Congratulations! Lola is gorgeous! Also love the one where she is sleeping in your daughter's arms. We also drove Augie home in snow and ice, 25 mph, with cars sliding off the road all around us on I-5. We had to travel so slow that we did not realize at the time that he got carsick.  Glad you made it home OK. Have fun with that little girl. They grow up much too fast! More pictures, please!


----------



## Pipersmom (Jul 27, 2009)

Welcome home Lola! Great pictures and great story to remember the day.


----------



## Thumper (Feb 18, 2007)

She is too cute!! And totally worth the stressful drive, I presume!

I'm glad it all worked out for you and she made it home,
Kara


----------



## West End Girl (Feb 18, 2011)

Thank you everyone for the kind comments and warm welcome.

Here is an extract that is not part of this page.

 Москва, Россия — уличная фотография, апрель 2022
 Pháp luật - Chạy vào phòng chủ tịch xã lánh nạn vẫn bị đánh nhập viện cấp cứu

We've succeeded through our 2nd night- Lola uses her pee pad regularly- no accidents so far. She's eating, drinking, loves to play. So far, so good. I'm transitioning her slowly onto our food of choice and she's tolerating it very well.

Funny this morning, I was playing with her and as much as we enjoyed it, she began to wimper almost as though she was trying to tell me, "you're lots of fun and I love playing with you but, where's everyone else?" Very sweet.

She's got a fabulous personality. Loves to cuddle, explore, chew, play....lots of fun.

I got a laugh out of her seeing her reflection in the mirror this evening! She got very excited about the thought of there being another puppy there to play with. They're so much fun to be around. As exhausted/tired as I am, I confess that I am enjoying all of this. Don't want to go back to work tomorrow!

Few more pics.......


----------



## Cailleach (Jan 30, 2010)

Awws...cute addition to your family for sure.


----------



## clare (Feb 6, 2010)

So lovely.Some Havs make sweet sort of grunting noises when they play,their way of talking!


----------



## gelbergirl (Jun 9, 2007)

these pictures are just so cute! :cheer2:


----------



## waybrook (Sep 13, 2009)

What a cutie - I wouldn't want to leave her either!


----------



## Missy (Nov 6, 2006)

Oh my lordy. I am in love with her, so I can only imagine how you and your children feel!
just remember...what ever Lola wants Lola gets!


----------



## West End Girl (Feb 18, 2011)

Lola is doing very well. House training is a success, but I am using the pee pads at the moment. I only hope that once I have Lola going outside, I won't have her wanting to go "inside" as well. 

I also got her a new crate that is a "vision" type crate with bars that allow her to SEE her surroundings as opposed to being hidden. I'm told that's the best thing. Honestly, the reason for us wanting a new crate was our older crate was a royal pain to open and close. And those who have fumbled in the night in a coma-like state might empathize with me here!

At night, she cries and if it's dark, I will get up, take her to her "potty area" and as soon as she's done, back in the crate she goes to sleep. I don't want to encourage play, as I don't think that would make sense. Hope I'm on the right track with my thinking there. Seems to be working as she settles as soon as she does her business. 

There is so much conflicting information, I'm honestly torn, as you hear one thing and then another. I think we're going to have to wait and see what works best for us and Lola. So far, so good.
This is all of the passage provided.